Кто-то - может быть Зинаида Гиппиус?- сказал, что если
надо что-то объяснять, то объяснять не надо.
Но когда я столкнулась с тем, что тувеянссоновский
Снусмумрик не понят даже самым ближайшим мне
человеком, братом, я сама поняла, что тут есть проблема.
Разговоры на подобные темы часты у нас с Колей, с моей
стороны это интуиции, наблюдения и догадки, а с его
-уточняющие жесты. Очень уж мне хотелось бы
сколько-нибудь вразумительно изложить свои воззрения, и
я сейчас занята внимательнейшим чтением Т.Янссон, и хочу
разыскать ещё новый перевод Нильса с гусями С.Лагерлёф,
про который мне говорил А.В.Гладкий, о котором тоже надо
бы написать. Но бедная моя голова - она те так умна, как
хотелось бы...
Посылаю Вам пока первые свои заметки.


Я послала этот рассказ по пяти адресам - брату, сестре, ученице,
молодой девушке и далёкой американской приятельнице в наивной
надежде, что они всё поймут и разделят мою нежную любовь
к этим букашкам, но, поговорив по телефону с очень мне
близким и родным братом и не получив ни одного отклика
на мой посыл, я попробовала представить, как каждый из них
мог интерпретировать эту историю. Брат мой сказал, что он
много раз пытался читать так настойчиво пропагандированный
мною роман про Муми-тролля и никак не может в толк взять,
что же мне так нравится.
Я поняла, что тем более и остальные мои респонденты так же
далеки от моих восторгов, что каждый поймёт эту историю не так,
как я её понимаю. И хотя мой проект, кстати, давно вынашиваемый,
мне не по плечу, придётся всё-таки как-то попытаться его оформить,
чтобы освободить место в голове.
Чтобы прибавить весу и убедительности моим размышлениям,
должна сказать, что такие мои мысли  НВ  поддерживает
подниманием правой брови при согласии и пожиманием плечами
при несогласии, которыми и корректируются мои высказывания,
И также поддерживает меня  Алексей Всеволодович Гладкий,
старинный и любимый друг. Смелости в моих размышлениях добавила
мне и недавно прочитанная книга Конрада Лоренца "Агрессия".

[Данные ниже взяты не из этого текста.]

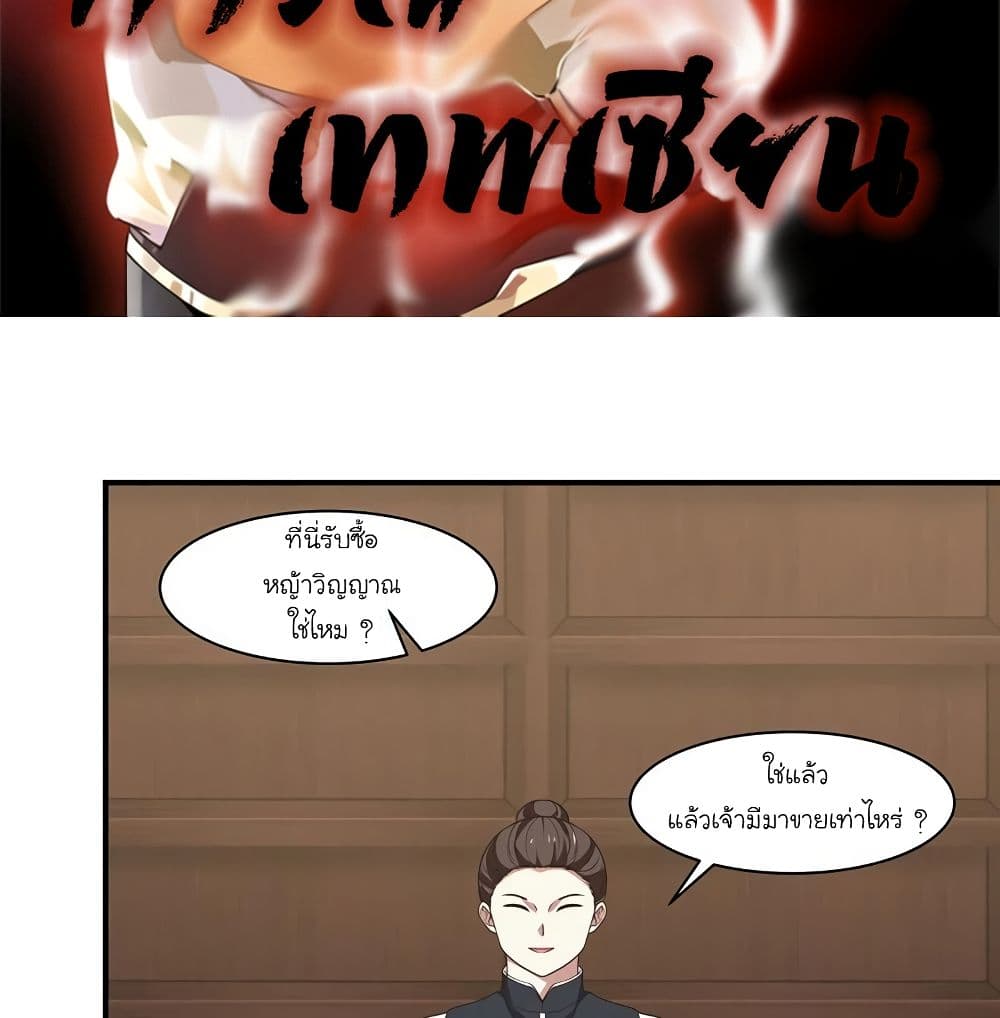 Chaos Alchemist page 2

Надо сказать, что впервые меня удивил Коля ещё в самом начале
нашего знакомства он говорил, что ему активно не нравится
Средиземноморская культура, и наоборот чувствует свою близость
со Скандинавской культурой. Я тогда не могла понять этого.

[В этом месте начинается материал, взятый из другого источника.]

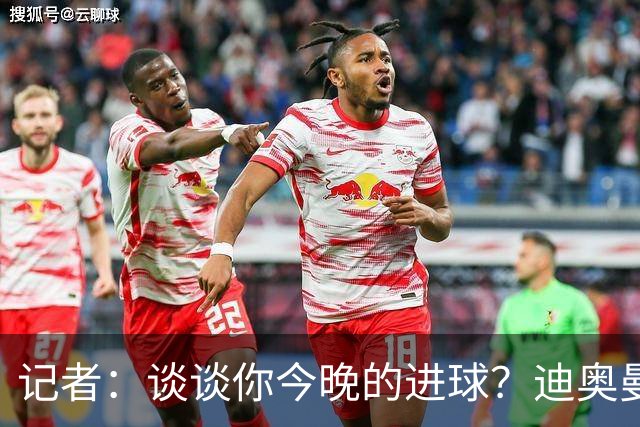 记者：谈谈你今晚的进球？迪奥曼德：啊？我没进球啊…阿玛德进的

- Как? Это голубое тёплое море! Солнце!
Эти благословенные цветущие края! Италия! Греция!
Родина философии и искусства.
Все эти великие имена, которыми гордится человечество - только
перечислить их потребуется масса времени - и эти дикие скалы,
и мрачные фьорды, холод и мрак полярных ночей, варвары в шкурах
зверей, Снежная Королева, в лучшем случае - Вагнеровские монстры.
Но за сорок лет эта пропасть непонимания заполнилась.
Очень много мне дало чтение Ибсена его, четырёхтомник  -
самые измусоленные и истрёпанные книги в нашей библиотеке.
Сначала я читала его в русле Чехова.
Но что-то очень значительное, до конца не понятое, постоянно
тревожило меня. А когда я очень пристально прочитала Пер Гюнта,
увлечённо рассказывала и читала его своим ученикам в физматшколе,
да ещё с изумлением видела, КАК им это нравится,
(по опросам, проводившимся в школе, эти уроки по Пер Гюнту были
наиболее интересными, захватывающими и запомнившимися), я поняла,
что этот норвежский писатель говорит что-то чрезвычайно важное
и для меня, и для всех. Ибсен - это целая страна в искусстве,
и ему надо будет посвятить отдельное время, если получится.
Судьба подарила мне и опыт жизни на Севере, среди якутов.
Человек вынужден там соответствовать требованиям климата.
Десять месяцев зима, а остальное всё лето, лето и лето.
Я жила как-то в якутской яранге, далеко в тайге.
Жилище, построенное из нетолстых жердей и обмазанное
глиной с навозом, и в нём больше тридцати человек,
маленькая кучка людей, до следующего жилья сотни километров.
Некуда бежать, ни до кого не докричишься. И тишина в яранге.
Вернее спокойный шум.
Все говорят, смеются, шутят, кто-то поёт, кто-то кряхтит
и постанывает, женщина печёт лепёшки, старики и дети спят.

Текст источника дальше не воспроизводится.